Latest quarterly results from SNC-Lavalin and AECOMCompanies & People restructuring
Both firms continuing to take action to restructure their operations.
On August 1, SNC-Lavalin Group reported results for its second quarter ended June 30, with revenue in a quarter at $2.28 billion, down from $2.53 billion in Q2 2018. The firm’s net loss attributable to shareholders was reported at $2.1 billion, and the company announced an 80% cut to its quarterly dividend to shareholders, from $0.10 per share to $0.02 per share.
“Since assuming the position of interim CEO on June 11, I have listened carefully to our stakeholders’ concerns and we have rapidly begun executing on a new strategic plan for the company that is focused on de-risking the business and surfacing value in high-growth, high-performing areas of the business,” said interim president/CEO, Ian L. Edwards, in a media release.
“As part of our strategy, we will maintain a focus on effectively executing on the remaining backlog of lump-sum turnkey projects, and to this end are implementing several measures, including a new project oversight function that reports directly to me.
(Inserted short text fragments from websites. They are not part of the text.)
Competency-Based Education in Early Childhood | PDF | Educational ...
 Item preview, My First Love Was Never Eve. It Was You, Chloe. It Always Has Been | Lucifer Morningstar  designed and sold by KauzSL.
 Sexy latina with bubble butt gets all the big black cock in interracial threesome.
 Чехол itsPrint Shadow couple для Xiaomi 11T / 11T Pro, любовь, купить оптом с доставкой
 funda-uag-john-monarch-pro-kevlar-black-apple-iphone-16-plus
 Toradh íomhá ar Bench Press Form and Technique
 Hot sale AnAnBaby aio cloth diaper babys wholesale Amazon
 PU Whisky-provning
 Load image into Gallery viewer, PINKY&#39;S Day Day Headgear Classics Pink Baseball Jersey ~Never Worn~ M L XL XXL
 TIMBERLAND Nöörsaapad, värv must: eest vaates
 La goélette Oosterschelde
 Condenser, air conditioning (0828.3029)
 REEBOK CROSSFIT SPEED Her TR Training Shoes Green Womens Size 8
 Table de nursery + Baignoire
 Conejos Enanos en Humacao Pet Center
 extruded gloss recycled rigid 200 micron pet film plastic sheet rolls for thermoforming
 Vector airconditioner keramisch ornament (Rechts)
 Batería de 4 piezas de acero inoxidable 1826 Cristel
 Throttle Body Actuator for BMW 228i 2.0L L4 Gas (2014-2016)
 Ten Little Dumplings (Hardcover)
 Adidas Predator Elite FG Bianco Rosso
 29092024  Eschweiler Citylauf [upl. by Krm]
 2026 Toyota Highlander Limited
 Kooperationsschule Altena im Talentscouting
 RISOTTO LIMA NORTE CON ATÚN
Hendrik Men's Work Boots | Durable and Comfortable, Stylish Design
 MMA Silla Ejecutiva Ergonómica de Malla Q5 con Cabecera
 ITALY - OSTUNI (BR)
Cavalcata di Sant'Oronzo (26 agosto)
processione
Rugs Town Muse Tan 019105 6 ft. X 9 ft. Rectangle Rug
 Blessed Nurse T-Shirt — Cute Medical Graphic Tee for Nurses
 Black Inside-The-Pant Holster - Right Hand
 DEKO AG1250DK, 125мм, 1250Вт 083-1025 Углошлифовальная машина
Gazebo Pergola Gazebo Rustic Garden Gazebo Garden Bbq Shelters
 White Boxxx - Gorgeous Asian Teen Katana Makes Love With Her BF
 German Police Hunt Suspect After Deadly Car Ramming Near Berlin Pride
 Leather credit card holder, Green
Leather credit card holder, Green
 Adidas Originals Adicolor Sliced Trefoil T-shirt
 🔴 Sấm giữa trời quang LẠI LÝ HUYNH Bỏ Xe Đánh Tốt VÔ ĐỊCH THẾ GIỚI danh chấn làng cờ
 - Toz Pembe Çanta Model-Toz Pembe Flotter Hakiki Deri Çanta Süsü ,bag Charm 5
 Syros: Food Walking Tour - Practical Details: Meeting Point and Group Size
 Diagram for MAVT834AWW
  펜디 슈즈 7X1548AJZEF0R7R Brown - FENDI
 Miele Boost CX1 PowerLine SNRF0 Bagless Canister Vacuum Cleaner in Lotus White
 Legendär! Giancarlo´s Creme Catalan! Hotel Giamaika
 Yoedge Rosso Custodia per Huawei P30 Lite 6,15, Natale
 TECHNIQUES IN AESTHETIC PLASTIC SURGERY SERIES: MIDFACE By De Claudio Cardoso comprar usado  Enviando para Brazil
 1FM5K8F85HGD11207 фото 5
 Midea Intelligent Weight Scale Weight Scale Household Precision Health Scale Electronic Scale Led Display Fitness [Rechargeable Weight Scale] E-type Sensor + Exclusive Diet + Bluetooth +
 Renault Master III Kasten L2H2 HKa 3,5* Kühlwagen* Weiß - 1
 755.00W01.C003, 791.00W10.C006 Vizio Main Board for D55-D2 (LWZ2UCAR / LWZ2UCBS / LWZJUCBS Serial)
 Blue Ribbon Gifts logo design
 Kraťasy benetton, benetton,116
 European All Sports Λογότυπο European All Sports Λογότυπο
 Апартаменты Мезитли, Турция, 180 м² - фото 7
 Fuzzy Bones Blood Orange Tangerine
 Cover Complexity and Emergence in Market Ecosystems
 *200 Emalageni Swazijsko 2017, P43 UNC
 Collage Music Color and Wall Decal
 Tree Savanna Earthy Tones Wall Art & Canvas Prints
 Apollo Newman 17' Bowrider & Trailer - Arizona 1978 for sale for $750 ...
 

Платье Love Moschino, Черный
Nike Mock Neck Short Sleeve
While we implement these measures, I have recommended we take all prudent actions to strengthen our cash position and balance sheet; this includes reducing the dividend.”
“The decisions I have made, I believe are necessary to set us on a more sustainable path going forward,” he added. “We are building from a strong foundation, including a robust SNCL Engineering Services backlog of approximately $11 billion as of the end of Q2, an increase of 9% year-over-year.”
AECOM’s fiscal 2019 Q3 results show revenue of US$5.0 billion, a decrease of 3% over the prior year while adjusted EBITDA increased by 10% over the prior year to $244 million attributed primarily to higher margins and increased profitability in the firm’s design and consulting services (DCS) segment.
On June 17th, AECOM announced its intent to pursue a separation of its management services segment and continues to take actions to de-risk its portfolio with a focus on its higher-returning and lower-risk professional services businesses, including the recently closed sales of its Oil & Gas Production Services and International Development businesses as well as ongoing actions to exit more than 30 countries.
“The strategic actions we have taken over the past two years and continue to take are delivering positive results, including 14% year-to-date adjusted EBITDA growth,” said Michael S. Burke, AECOM’s chairman and CEO, in a company release.